May you be sealed in the Book of Life for a good and happy year.

Shanah tovah u’metukah!

Saturday, September 19, 2009

If I am not for Myself
Rosh Hashanah Morning 5770-2009
Rabbi David Kaufman

Rabbi Jonathan Sacks, the Chief Rabbi of Great Britain tells the following story:

One Friday afternoon, a friend of his was driving along the highway to join his family for Sabbath—the Catskills were where many New York Jews had holiday homes. He saw a motorist stranded by the roadside, his car immobilized by a flat tire. He was wearing a yarmulke.

Naturally the driver assumed that he too was heading for the Catskills and was concerned that he might not be able to change the wheel in time to reach his destination before the Sabbath began.

He stopped, and helped the man change the tire.

As he was parting, the owner of the other car removed his yarmulke and put it in his pocket.

“Why are you doing that?” said the first. “Don’t you wear it all the time?”

“Oh no,” said the other. “You see, I’m not Jewish.”

“Then why were you wearing a yarmulke?”

“Simple,” he replied. ‘I know that if someone is in trouble and is wearing a yarmulke, a Jew will stop to help him.”

****************************************************
Jews have a long history of helping other Jews in times of need. Just as one example, the rabbinic literature makes it very clear that the responsibility of redeeming Jews held captive rests not only on the family of the captives, but on all Jews, regardless of whether or not they have any connection to the captives.
Jews have created organizations to settle immigrants, feed the hungry, provide free loans and rescue persecuted Jews from around the world, from the Soviet Union to Ethiopia.

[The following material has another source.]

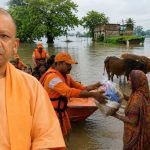 बाढ़ प्रभावितों के लिए योगी सरकार का बड़ा राहत अभियान, 3.36 लाख लंच पैकेट वितरित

Let us not forget the support offered by Jews in the diaspora, financial and otherwise, for the state of Israel. Jews have a history of supporting fellow Jews.

As we find it in the Talmud's discussion of Shavuot, "Kol Yisrael Arevim Zeh vZeh," "All of Israel is responsible for one another."

Hillel, the great sage, put it another way, using three questions:

"If I am not for myself, who will be for me?" and, as commonly translated, "If I am only for myself, what am I?" Finally, "If not now, when?"
Hillel seems to guide us to the following answers:

Better stand up for yourself,
But not only for yourself.
And you better act before it is too late.

We are given the directive to stand up to face our challenges and to help others face their own.

At Goldman Union Camp this summer, we discussed this quote from Hillel.

At the time, I thought about how these statements applied to the troubling story of Abraham and Isaac as they walked up the mountain together, today's Torah portion. I imagined these thoughts going through their heads.

Abraham thinking that he needed to do what he needed to do, even if it would be to his detriment, the loss of a beloved son. Isaac, in conflict, wondering if he should stand up for himself against his father or allow his father to act on behalf of his family and future generations. Both knowing that time was growing short.

I struggled to make Hillel's statements fit into the story, but did not find an answer then. At camp, I didn't need the answer. We didn't discuss Hillel's quote in relation to the Akeidah, the binding of Isaac. Instead we talked about real life situations. Let me present one of them to you.

You are one of few Jews in your school or in your workplace. Your schoolmates, or co-workers, perhaps including people whom you like and with whom you wish to be friends, begin ridiculing a fellow student or co-worker because they are Jewish. What would you do and why?

We gave the students the following options:

1. Let everyone know that you are Jewish and that what they are saying is wrong.

2. Say nothing, because it likely won't stop them from being mean to the other student and will only result in them being mean to you as well.

3. Let them know that you disagree with their ridiculing Jews, but do NOT tell them that you are a Jew.

4. Join in ridiculing the other Jew so that they will not suspect you of being Jewish.

5. Try to change the subject.

The staff stressed to the students that the question is not what SHOULD you do, but what WOULD you do. Which option would you likely choose in that situation if it actually happened to you?

Almost all of the students said that they would not seek friendships with the people involved once they knew how they felt about Jews, so the issue is primarily one of what would they do in the specific situation and why?

Of note, no small percentage of the Middle School students had experiences similar to this scenario and therefore many were reacting based upon what they actually did or would do should the situation arise again.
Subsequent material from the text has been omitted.